** Material provided **

┌──

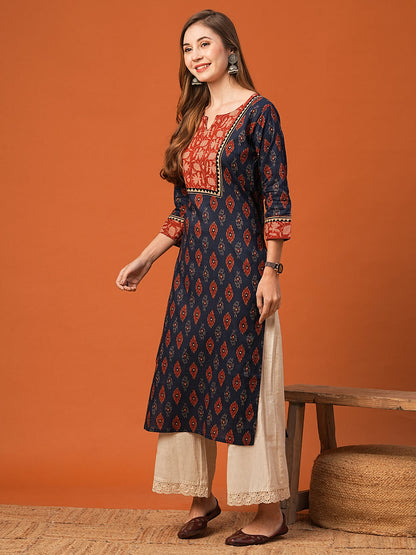 Ethnic Floral Printed & Kantha work Straight Fit Kurta - Navy Blue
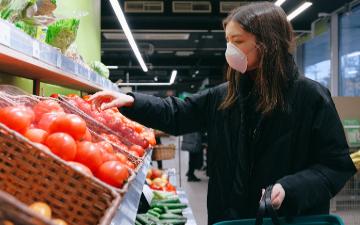 woman-in-face-mask-shopping-in-supermarket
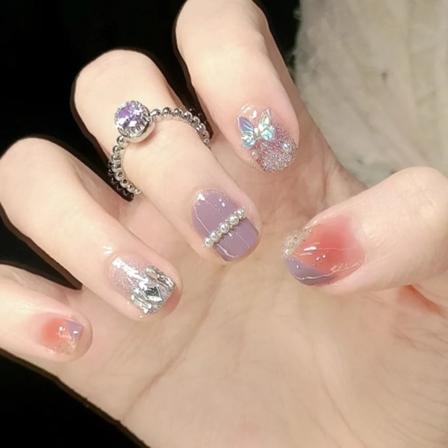 Tekokynnet pyöreäpää perhonen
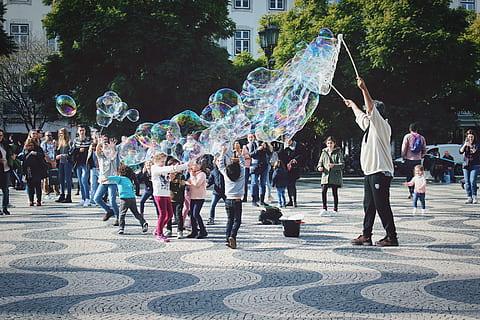 gruppo, persone, giocando, bolla, parco, uomo, fabbricazione, bolle d'acqua, bambini, giorno, folla, bolle, display, arte, prestazione, gruppo di persone, grande gruppo di persone, persone reali, città, donne, albero, strada, pianta, stili di vita, adulto, architettura, uomini, attività di svago, esterno dell'edificio, struttura costruita, natura, all'aperto, 5K, CC0, dominio pubblico, privo di copyright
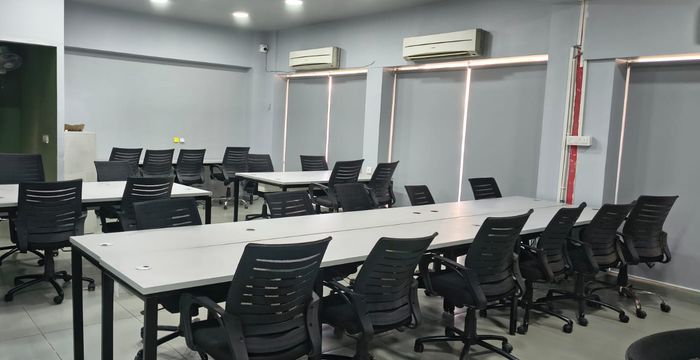 Shyamal Crossroad 132 Feet Ring Rd, Ahmedabad - Image 4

└──

** Task to complete **
Leave the images out and print each entry exactly.

** Problem solution **
 Ethnic Floral Printed & Kantha work Straight Fit Kurta - Navy Blue
 woman-in-face-mask-shopping-in-supermarket
 Tekokynnet pyöreäpää perhonen
 gruppo, persone, giocando, bolla, parco, uomo, fabbricazione, bolle d'acqua, bambini, giorno, folla, bolle, display, arte, prestazione, gruppo di persone, grande gruppo di persone, persone reali, città, donne, albero, strada, pianta, stili di vita, adulto, architettura, uomini, attività di svago, esterno dell'edificio, struttura costruita, natura, all'aperto, 5K, CC0, dominio pubblico, privo di copyright
 Shyamal Crossroad 132 Feet Ring Rd, Ahmedabad - Image 4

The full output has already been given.